I am not certain, however, whether Floridablanca’s dismissal did not shortly precede his accusation by Manca, as the immediate consequence of his efforts to make the King join the coalition against France after the death of Louis XVI. Charles IV. was, it seems, the only sovereign in Europe, who felt no alarm at the fate of the unfortunate Louis; and had more at heart the recollection of a personal slight from his cousin, than all the ties of common interest and blood. Charles had learned that, on his accession to the throne of Spain, the usual letter of congratulation being presented for signature to Louis, that monarch humourously observed, that he thought the letter hardly necessary, “for the poor man,” he said, “is a mere cypher, completely governed and henpecked by his wife.” This joke had made such a deep impression on the King, as to draw from him, when Louis was decapitated, the unfeeling and almost brutal remark that “a gentleman so ready to find fault with others, did not seem to have managed his own affairs very well.” The Count de Aranda, who, in the cabinet councils, had constantly voted for peace with France, was appointed, in February, 1792, to succeed Floridablanca.

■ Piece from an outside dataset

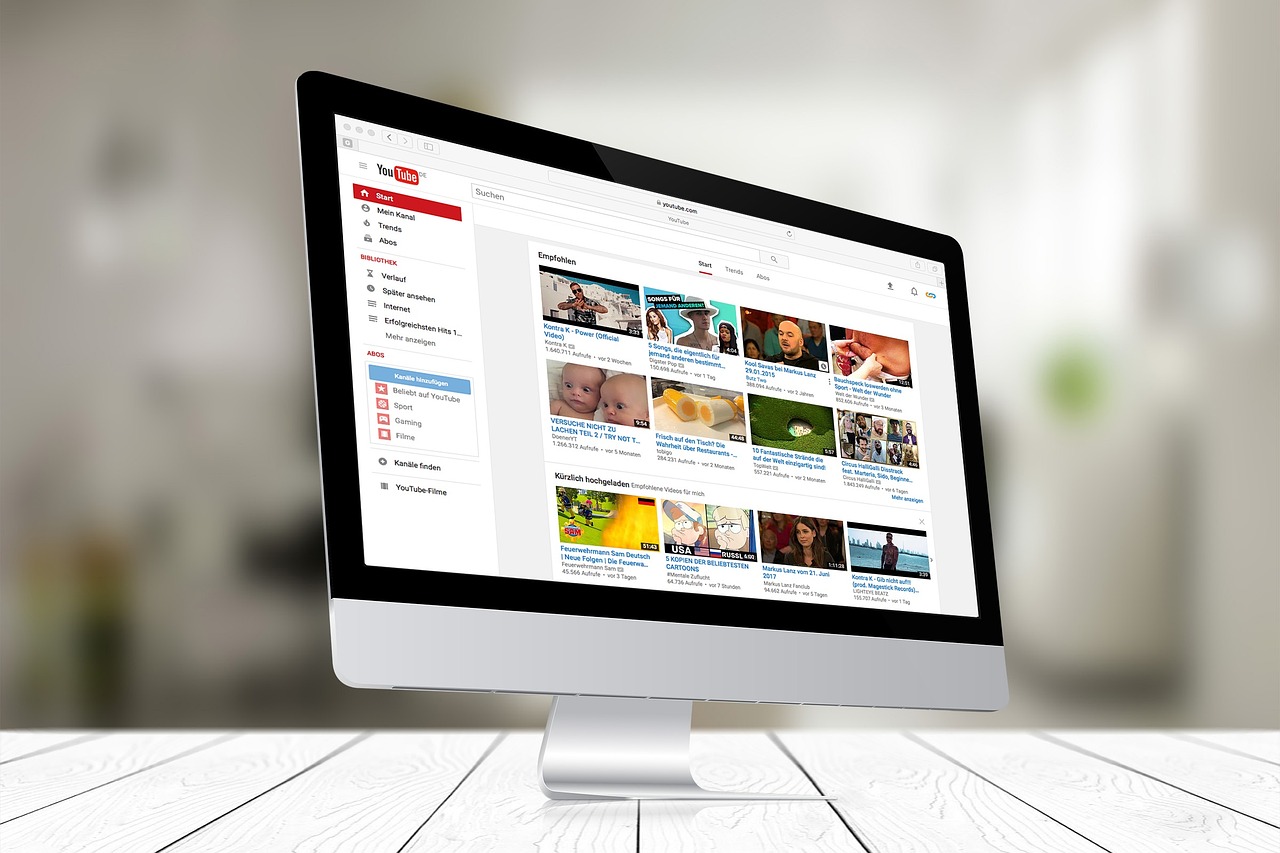 Változtat a YouTube, ezeket a tartalmakat mostantól csak homályosan mutatja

But the turn of affairs, and the pressing remonstrances of the allied sovereigns, altered the views of Charles; and having, at the end of seven months, dismissed Aranda with all the honours of his office, Godoy, then Duke of Alcúdia, was appointed his successor to begin hostilities against France. I need not enter into a narrative of that ill-conducted and disastrous war. An appearance of success cheered up the Spaniards, always ready to fight with their neighbours on the other side of the Pyrenees. But the French armies having received reinforcements, would have soon paid a visit to Charles at Madrid, if his favourite minister, with more address than he ever discovered in his subsequent management of political affairs, had not concluded and ratified the peace of Basle.